So— shall we leave our young a better place
Than that which we inherited? As fair
A world as that entrusted to our care?
Should we suspect that that is not the case,
Should we suspect that we betrayed our race
And gorged ourselves with more than our fair share
Of bread and meat, of water, soil and air
And fouled our nest... who judges this disgrace?
Not nature, Gaia, call her what you will,
Her realm is far too vast for us to kill;
Not children, nor the children they shall nurse—
Their hands will be too busy soon to curse;
Not gods, nor creatures hunted from their homes:
If blame there is, then blame our chromosomes.
Which is not to say that we should not try harder. Much harder. Even so, it seems to me that humankind obeys impulses the religious define as ‘original sin’, or a version thereof, and which the rest of us believe to be have been hard-wired into our DNA by Darwinian evolution. Blaming is rarely a profitable exercise. All that counts is today and tomorrow. The past is dead.

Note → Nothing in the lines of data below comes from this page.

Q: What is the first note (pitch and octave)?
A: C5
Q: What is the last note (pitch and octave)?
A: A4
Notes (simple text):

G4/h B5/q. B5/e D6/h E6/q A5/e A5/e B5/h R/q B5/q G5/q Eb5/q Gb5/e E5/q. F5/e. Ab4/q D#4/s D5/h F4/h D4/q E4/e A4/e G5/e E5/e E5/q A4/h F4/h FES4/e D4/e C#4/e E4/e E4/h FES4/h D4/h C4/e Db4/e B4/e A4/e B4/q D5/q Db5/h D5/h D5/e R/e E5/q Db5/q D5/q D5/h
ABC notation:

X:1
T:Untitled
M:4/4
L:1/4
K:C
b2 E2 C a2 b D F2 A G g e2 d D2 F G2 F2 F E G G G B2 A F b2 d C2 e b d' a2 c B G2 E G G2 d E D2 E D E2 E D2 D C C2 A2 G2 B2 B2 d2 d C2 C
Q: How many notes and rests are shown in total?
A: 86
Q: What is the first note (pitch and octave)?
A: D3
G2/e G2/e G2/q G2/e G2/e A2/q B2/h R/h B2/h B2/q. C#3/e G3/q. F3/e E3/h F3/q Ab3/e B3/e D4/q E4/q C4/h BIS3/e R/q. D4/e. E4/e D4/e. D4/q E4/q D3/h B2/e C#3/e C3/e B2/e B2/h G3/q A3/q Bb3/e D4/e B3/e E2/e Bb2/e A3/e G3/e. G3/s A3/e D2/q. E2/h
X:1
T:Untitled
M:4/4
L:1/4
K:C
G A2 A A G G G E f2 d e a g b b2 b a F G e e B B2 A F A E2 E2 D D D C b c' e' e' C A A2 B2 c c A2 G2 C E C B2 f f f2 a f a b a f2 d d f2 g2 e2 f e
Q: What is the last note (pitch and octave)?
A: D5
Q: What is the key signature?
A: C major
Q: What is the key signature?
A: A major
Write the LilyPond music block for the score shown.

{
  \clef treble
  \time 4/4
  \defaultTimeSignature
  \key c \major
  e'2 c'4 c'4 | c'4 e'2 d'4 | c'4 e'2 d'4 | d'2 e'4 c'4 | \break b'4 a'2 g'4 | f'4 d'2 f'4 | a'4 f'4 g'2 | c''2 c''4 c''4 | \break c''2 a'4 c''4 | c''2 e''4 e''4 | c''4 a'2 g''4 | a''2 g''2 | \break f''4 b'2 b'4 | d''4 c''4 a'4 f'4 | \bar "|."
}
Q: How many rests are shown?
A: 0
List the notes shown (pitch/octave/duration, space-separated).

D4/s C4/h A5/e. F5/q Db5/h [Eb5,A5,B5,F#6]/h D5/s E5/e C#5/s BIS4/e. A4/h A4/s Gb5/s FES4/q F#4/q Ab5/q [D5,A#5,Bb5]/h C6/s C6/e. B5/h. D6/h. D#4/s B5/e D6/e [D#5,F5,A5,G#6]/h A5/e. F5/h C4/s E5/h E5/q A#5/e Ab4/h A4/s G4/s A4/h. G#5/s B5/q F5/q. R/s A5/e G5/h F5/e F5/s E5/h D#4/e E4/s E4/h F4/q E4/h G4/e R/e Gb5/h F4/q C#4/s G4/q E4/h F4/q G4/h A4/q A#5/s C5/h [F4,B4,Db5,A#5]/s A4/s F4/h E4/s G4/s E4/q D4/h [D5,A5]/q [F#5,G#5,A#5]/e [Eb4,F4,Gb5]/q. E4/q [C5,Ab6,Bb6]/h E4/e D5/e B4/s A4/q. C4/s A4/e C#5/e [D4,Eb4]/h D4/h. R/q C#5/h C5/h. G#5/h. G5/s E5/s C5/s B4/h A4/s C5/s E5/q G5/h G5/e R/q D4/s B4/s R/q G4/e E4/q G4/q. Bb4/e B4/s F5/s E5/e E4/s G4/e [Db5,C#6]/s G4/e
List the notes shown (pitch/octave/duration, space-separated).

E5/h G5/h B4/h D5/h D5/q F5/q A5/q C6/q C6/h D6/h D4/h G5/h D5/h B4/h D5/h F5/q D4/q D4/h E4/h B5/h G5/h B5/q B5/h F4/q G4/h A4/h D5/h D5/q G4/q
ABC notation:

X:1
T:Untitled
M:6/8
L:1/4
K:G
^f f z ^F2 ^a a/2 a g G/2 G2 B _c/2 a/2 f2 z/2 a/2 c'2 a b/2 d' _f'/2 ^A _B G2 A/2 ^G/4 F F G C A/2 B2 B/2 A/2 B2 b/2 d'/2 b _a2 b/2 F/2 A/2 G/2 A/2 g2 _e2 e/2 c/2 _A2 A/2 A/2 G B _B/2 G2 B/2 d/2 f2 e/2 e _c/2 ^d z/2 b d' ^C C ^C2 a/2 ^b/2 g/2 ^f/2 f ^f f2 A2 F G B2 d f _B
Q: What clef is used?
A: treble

Mad as the sentiment appears, I believe with all my heart that man must escape from the ‘cage of light’, (the prison that the speed of light dooms us to in even the smallest corner of the universe), and find ways to fly the nest of the blue planet. We cannot change human nature— and, in our heart of hearts, we do not wish to. In any case, we have always been a migratory species. Logic dictates, however implausible it appears today, that we should pour resources into escaping planet earth, the solar system and this galaxy. Laughable isn’t it? Yet we have overcome seemingly insuperable odds before. Perhaps we shall again. Perhaps, in a hundred years or two, a man or women will read this broken sonnet in a dusty old volume and smile at what appeared to us to be so impossible a vision.